My mail sack is overflowing with your complaints. A great many of you claim to have been offended by the manner in which the Washington Free Beacon chose to wish you a Happy Independence Day. Specifically, you did not appreciate the Graphic Interface Format (GIF) image of America's sweetheart, Kate Upton, licking a rocket pop whilst tugging on her stars-and-stripes bikini bottom.
Nancy B. wrote: "I have to say I am appalled at the picture of the voluptuous blonde in the red, white and blue bikini, pulling it way down to reveal a tiny star. What were you thinking? Who was responsible for this? It makes a series [sic] paper look seedy ... Please do better or I won't believe you actually are a conservative paper."
Leslie M. did not think the image was "appropriate for wishing me a happy 4th" and demanded that the Free Beacon stop sending her "porn." Linda A. wondered: "Do you think only horny old men read your newsletter? Give me a break. This is pathetic! Seriously????"
Colleen J. described the Free Beacon's patriotic celebration as "vile soft-porn" that made her wonder if our office was "staffed with pubescent boys, dirty old men, or both?" She added: "Unless there is some sort of retraction or apology in the next week or so, I will be unsubscribing."

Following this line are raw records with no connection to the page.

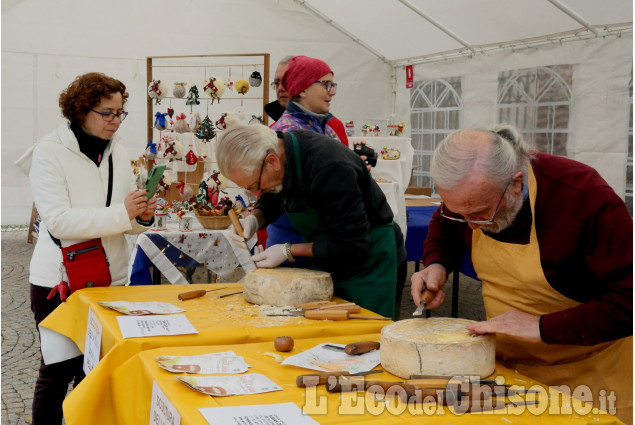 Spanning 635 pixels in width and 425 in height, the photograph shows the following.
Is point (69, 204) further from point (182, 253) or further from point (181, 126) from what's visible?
point (181, 126)

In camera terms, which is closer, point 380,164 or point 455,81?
point 380,164

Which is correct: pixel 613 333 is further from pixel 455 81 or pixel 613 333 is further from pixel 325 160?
pixel 455 81

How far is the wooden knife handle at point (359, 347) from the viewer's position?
1.68 metres

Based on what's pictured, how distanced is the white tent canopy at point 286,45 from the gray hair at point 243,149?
473cm

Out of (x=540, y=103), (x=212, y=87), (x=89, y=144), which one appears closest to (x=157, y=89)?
(x=212, y=87)

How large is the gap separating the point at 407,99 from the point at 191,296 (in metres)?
7.51

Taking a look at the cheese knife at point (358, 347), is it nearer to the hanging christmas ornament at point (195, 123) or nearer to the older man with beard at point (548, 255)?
the older man with beard at point (548, 255)

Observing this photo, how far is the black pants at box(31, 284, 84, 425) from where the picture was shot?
8.26 feet

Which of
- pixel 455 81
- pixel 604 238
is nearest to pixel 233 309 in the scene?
pixel 604 238

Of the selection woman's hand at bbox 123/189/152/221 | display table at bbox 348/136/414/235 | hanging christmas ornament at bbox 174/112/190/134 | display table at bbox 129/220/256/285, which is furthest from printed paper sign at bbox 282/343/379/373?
hanging christmas ornament at bbox 174/112/190/134

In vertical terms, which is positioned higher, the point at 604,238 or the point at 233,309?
the point at 604,238

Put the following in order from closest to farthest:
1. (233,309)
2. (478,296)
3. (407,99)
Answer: (233,309) < (478,296) < (407,99)

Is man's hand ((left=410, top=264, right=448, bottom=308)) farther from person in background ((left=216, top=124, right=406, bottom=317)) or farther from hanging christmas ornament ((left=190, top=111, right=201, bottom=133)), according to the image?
hanging christmas ornament ((left=190, top=111, right=201, bottom=133))

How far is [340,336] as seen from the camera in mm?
1891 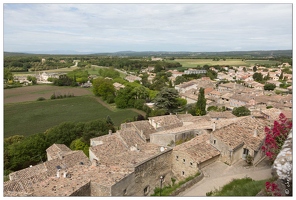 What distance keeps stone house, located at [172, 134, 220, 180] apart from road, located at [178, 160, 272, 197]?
417 mm

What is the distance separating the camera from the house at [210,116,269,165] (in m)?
13.0

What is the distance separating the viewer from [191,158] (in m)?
12.4

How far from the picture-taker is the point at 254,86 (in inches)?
2874

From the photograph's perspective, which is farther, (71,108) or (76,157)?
(71,108)

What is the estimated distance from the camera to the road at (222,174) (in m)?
10.6

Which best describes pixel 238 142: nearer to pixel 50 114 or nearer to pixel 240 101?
pixel 240 101

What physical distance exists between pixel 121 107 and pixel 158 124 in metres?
25.4

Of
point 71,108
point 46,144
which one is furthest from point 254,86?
point 46,144

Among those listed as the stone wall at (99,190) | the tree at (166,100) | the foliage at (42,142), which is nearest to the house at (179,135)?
the stone wall at (99,190)

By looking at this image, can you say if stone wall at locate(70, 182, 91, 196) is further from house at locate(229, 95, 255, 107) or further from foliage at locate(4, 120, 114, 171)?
house at locate(229, 95, 255, 107)

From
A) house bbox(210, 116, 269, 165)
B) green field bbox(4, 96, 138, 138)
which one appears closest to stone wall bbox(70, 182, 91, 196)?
house bbox(210, 116, 269, 165)

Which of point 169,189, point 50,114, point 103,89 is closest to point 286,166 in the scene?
point 169,189

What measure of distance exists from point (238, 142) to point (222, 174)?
2.39 meters

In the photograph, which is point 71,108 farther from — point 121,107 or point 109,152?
point 109,152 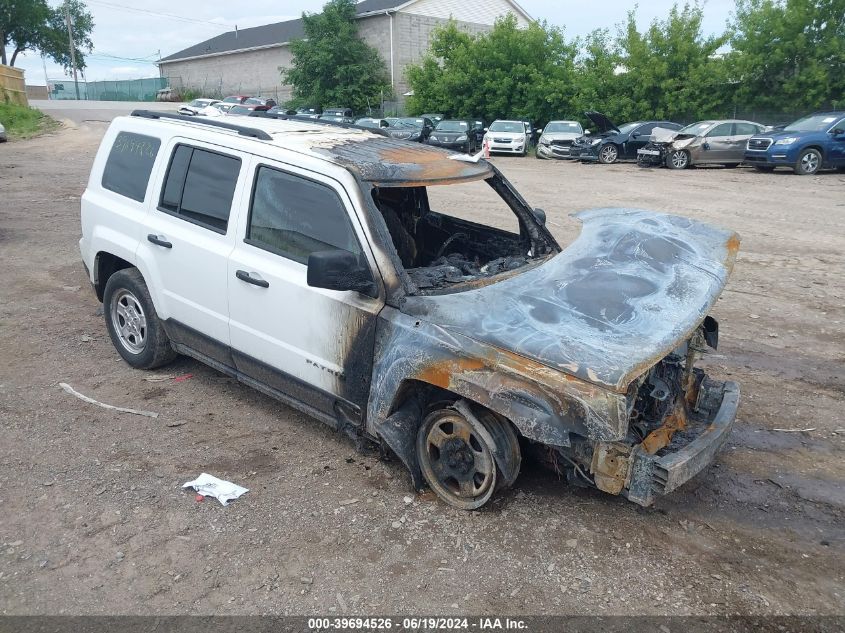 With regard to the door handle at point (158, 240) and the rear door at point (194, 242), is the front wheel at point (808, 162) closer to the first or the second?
the rear door at point (194, 242)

This was a recurring theme. "Please unsubscribe me because of the picture of the nearly nude bimbo in the bikini," Hope K. wrote in an email. Chris W. was "disgusted" by Upton's amazing body and urged the Free Beacon to "stick to the news and clean photos or some readers will be unsubscribing." Readers such as Kay K. wrote: "I just unsubscribed—not because I'm 'rejecting freedom' but because I'm rejecting PORNOGRAPHY."

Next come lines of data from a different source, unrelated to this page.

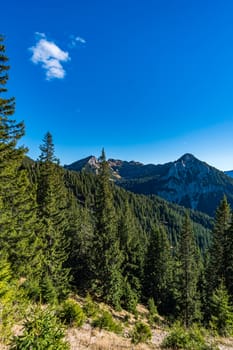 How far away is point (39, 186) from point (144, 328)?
17891 mm

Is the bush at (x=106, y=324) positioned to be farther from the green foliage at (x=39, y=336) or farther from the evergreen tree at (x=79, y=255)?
the evergreen tree at (x=79, y=255)

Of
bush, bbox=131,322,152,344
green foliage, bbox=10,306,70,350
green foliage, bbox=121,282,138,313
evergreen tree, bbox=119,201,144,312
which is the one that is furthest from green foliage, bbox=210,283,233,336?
evergreen tree, bbox=119,201,144,312

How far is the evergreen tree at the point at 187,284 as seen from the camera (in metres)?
30.0

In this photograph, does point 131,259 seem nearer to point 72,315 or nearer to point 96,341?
point 72,315

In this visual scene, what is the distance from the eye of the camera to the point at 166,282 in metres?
37.2

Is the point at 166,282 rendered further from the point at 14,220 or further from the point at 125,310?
the point at 14,220

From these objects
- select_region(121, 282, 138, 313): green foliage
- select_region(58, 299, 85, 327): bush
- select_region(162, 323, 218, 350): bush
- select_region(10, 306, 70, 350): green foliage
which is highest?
select_region(10, 306, 70, 350): green foliage

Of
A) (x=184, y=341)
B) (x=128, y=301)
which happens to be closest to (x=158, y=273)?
(x=128, y=301)

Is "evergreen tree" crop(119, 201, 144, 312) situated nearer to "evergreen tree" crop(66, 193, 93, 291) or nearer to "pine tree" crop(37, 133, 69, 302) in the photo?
"evergreen tree" crop(66, 193, 93, 291)

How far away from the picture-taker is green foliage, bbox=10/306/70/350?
5.05 meters

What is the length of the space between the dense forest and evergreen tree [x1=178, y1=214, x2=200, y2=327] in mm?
113

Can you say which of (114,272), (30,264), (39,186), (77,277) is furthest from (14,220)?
(77,277)

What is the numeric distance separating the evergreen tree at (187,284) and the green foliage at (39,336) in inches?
1129

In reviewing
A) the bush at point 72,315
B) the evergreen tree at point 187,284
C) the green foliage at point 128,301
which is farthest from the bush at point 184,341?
the evergreen tree at point 187,284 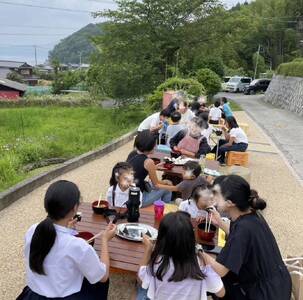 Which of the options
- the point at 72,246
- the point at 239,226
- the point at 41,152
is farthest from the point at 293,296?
the point at 41,152

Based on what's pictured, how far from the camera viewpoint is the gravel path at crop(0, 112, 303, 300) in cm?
390

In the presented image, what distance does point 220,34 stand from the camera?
75.7ft

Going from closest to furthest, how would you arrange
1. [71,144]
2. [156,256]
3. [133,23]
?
[156,256] < [71,144] < [133,23]

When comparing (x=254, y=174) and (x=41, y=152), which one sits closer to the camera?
(x=254, y=174)

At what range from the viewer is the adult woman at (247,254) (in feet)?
8.39

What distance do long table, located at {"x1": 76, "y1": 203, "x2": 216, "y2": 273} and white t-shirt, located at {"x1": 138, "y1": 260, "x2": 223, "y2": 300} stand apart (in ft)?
1.32

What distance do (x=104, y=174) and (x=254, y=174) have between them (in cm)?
304

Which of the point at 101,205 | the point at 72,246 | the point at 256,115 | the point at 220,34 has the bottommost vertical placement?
the point at 256,115

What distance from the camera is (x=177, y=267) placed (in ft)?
7.65

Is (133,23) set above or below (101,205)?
above

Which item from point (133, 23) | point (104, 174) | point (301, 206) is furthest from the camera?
point (133, 23)

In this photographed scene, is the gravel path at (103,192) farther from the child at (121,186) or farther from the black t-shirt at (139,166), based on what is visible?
the black t-shirt at (139,166)

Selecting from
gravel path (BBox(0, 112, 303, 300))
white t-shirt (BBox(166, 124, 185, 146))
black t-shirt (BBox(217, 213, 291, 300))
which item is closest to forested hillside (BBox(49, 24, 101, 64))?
gravel path (BBox(0, 112, 303, 300))

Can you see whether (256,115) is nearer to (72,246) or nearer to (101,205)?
(101,205) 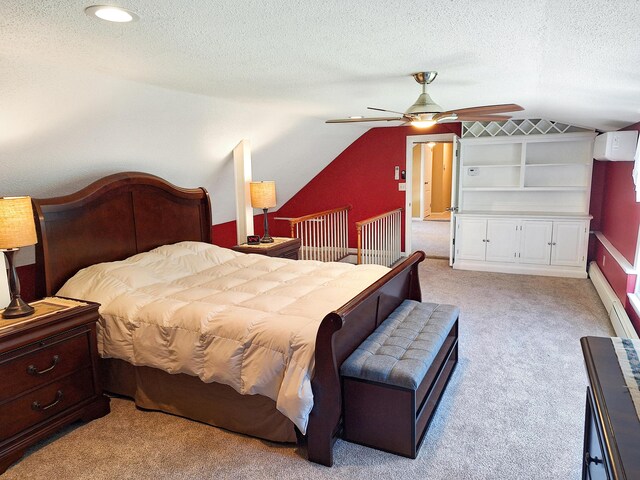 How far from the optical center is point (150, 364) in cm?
268

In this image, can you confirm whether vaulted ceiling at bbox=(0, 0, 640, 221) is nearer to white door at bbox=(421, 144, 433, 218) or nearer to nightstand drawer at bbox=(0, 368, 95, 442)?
nightstand drawer at bbox=(0, 368, 95, 442)

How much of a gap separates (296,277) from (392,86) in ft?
5.20

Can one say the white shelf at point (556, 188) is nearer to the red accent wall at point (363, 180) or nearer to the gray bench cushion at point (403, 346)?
the red accent wall at point (363, 180)

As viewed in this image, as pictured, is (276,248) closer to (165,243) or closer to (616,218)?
(165,243)

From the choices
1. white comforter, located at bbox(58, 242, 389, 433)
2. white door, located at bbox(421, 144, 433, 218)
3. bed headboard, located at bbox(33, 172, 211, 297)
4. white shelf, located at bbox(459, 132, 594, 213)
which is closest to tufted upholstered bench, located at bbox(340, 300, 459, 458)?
white comforter, located at bbox(58, 242, 389, 433)

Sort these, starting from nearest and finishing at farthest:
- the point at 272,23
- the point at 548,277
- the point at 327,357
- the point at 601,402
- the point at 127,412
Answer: the point at 601,402 → the point at 272,23 → the point at 327,357 → the point at 127,412 → the point at 548,277

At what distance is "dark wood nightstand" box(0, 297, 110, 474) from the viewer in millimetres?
2307

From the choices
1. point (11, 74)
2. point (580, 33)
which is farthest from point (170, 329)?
point (580, 33)

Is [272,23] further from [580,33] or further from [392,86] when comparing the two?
[392,86]

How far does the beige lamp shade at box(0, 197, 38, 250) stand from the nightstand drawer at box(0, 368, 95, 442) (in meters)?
0.83

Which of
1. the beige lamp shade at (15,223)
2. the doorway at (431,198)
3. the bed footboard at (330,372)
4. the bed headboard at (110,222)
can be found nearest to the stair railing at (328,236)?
the doorway at (431,198)

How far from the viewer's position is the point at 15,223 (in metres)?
2.43

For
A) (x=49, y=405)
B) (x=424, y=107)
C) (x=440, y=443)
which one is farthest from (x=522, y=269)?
(x=49, y=405)

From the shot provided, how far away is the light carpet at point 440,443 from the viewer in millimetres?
2242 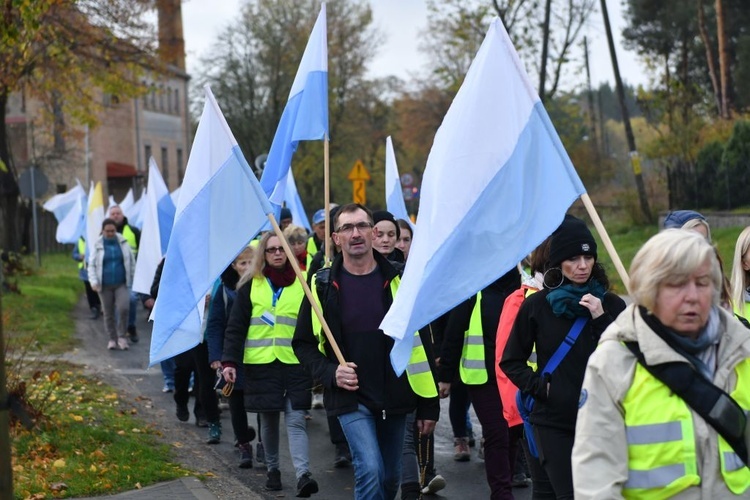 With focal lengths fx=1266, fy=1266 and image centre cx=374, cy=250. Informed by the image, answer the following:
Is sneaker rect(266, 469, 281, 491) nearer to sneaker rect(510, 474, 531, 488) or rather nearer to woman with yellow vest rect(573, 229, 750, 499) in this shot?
sneaker rect(510, 474, 531, 488)

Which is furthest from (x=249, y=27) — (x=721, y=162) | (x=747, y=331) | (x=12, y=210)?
(x=747, y=331)

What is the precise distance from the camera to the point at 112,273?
1783 cm

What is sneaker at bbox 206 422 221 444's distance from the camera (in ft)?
36.4

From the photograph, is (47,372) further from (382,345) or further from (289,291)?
(382,345)

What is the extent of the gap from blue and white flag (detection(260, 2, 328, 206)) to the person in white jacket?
860cm

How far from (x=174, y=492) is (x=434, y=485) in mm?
1793

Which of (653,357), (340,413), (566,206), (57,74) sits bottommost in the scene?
(340,413)

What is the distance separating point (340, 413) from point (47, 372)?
7.98 meters

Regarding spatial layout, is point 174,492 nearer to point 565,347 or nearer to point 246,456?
point 246,456

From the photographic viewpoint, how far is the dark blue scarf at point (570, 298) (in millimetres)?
5723

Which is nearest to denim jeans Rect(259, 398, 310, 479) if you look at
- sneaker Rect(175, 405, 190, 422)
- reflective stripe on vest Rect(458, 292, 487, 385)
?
reflective stripe on vest Rect(458, 292, 487, 385)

Cybermom546 was particularly outraged: "I AM SO SAD TO TELL YOU THAT I HAVE JUST UNSUBSCRIBED FROM THE WASHINGTON FREE BEACON. THE REASON, UNCLAD WOMEN IN THE EMAIL ... I DO NOT WANT TO SEE NAKED WOMEN WHEN I OPEN YOUR EMAILS ... SHAME ON YOU FOR MAKING YOUR READERS SEE SUCH PORNO. NO WONDER OUR WORLD IS IN THE MESS THAT IT IS WHEN NAKED WOMEN HAVE TO BE USED TO ACQUIRE READERS."

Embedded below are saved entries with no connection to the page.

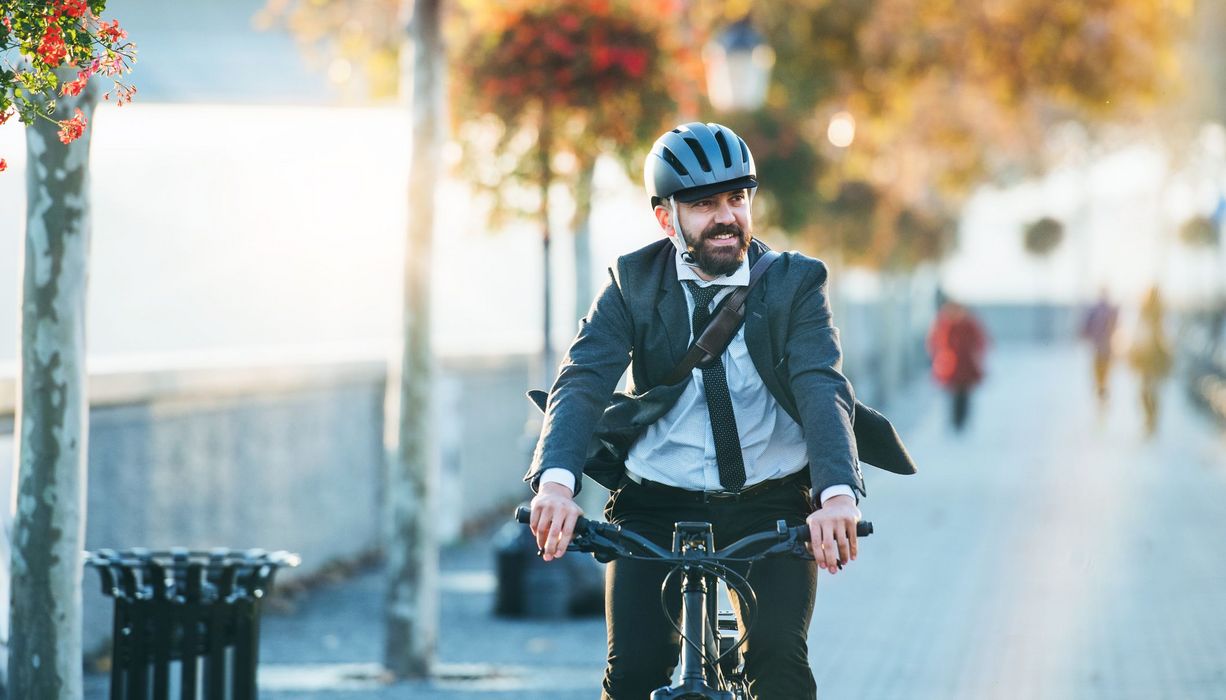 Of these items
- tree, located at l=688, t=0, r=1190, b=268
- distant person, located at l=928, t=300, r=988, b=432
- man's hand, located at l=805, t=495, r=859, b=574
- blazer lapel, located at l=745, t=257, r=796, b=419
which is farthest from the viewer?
distant person, located at l=928, t=300, r=988, b=432

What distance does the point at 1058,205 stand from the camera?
236 ft

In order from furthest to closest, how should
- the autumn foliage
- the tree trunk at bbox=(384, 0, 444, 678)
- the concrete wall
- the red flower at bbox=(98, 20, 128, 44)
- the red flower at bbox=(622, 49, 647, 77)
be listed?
1. the red flower at bbox=(622, 49, 647, 77)
2. the concrete wall
3. the tree trunk at bbox=(384, 0, 444, 678)
4. the red flower at bbox=(98, 20, 128, 44)
5. the autumn foliage

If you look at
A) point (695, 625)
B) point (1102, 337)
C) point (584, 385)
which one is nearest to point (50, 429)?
point (584, 385)

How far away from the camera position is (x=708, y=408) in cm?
443

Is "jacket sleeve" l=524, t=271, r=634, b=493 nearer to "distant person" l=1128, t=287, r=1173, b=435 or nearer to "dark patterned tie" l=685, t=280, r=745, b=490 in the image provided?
"dark patterned tie" l=685, t=280, r=745, b=490

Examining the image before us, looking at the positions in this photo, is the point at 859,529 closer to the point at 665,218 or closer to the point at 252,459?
the point at 665,218

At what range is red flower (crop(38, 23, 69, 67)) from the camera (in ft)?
13.6

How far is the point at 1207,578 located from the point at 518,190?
4683 mm

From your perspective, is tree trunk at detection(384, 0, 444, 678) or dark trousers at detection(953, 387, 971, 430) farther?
dark trousers at detection(953, 387, 971, 430)

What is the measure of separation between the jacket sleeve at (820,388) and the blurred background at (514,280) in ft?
1.84

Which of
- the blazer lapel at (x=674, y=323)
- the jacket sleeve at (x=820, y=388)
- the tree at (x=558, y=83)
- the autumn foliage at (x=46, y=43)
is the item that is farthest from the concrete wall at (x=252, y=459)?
the jacket sleeve at (x=820, y=388)

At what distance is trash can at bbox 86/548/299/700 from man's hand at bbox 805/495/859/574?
2.18 m

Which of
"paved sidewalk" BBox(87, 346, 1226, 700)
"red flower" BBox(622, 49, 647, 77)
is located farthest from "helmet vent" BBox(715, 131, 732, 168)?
"red flower" BBox(622, 49, 647, 77)

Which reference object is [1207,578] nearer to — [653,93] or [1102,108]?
[653,93] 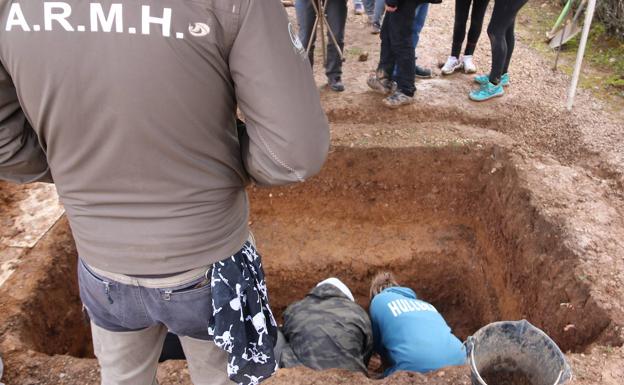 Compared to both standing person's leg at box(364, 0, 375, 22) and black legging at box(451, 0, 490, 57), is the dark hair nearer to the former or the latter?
black legging at box(451, 0, 490, 57)

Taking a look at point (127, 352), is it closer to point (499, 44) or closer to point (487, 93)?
point (499, 44)

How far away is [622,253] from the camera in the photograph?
3.13 meters

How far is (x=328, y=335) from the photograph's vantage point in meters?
2.78

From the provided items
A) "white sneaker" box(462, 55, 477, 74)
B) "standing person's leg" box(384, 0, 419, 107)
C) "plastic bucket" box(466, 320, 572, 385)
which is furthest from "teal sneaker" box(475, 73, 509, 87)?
"plastic bucket" box(466, 320, 572, 385)

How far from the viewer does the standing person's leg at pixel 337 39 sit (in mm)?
4863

Kris J. was similarly incensed: "Thought your organization had better taste than that! Acting like you're so morally righteous and then promoting lust? Disrespect for women? Sick!!!" Trisha R. wasn't mad, just disappointed: "I am not a prude, but this type of meme does not belong in a serious publication." Marie O. wanted the Free Beacon's writers and editors to know they "should be embarrassed" by the "disgusting and awful" content defiling the website.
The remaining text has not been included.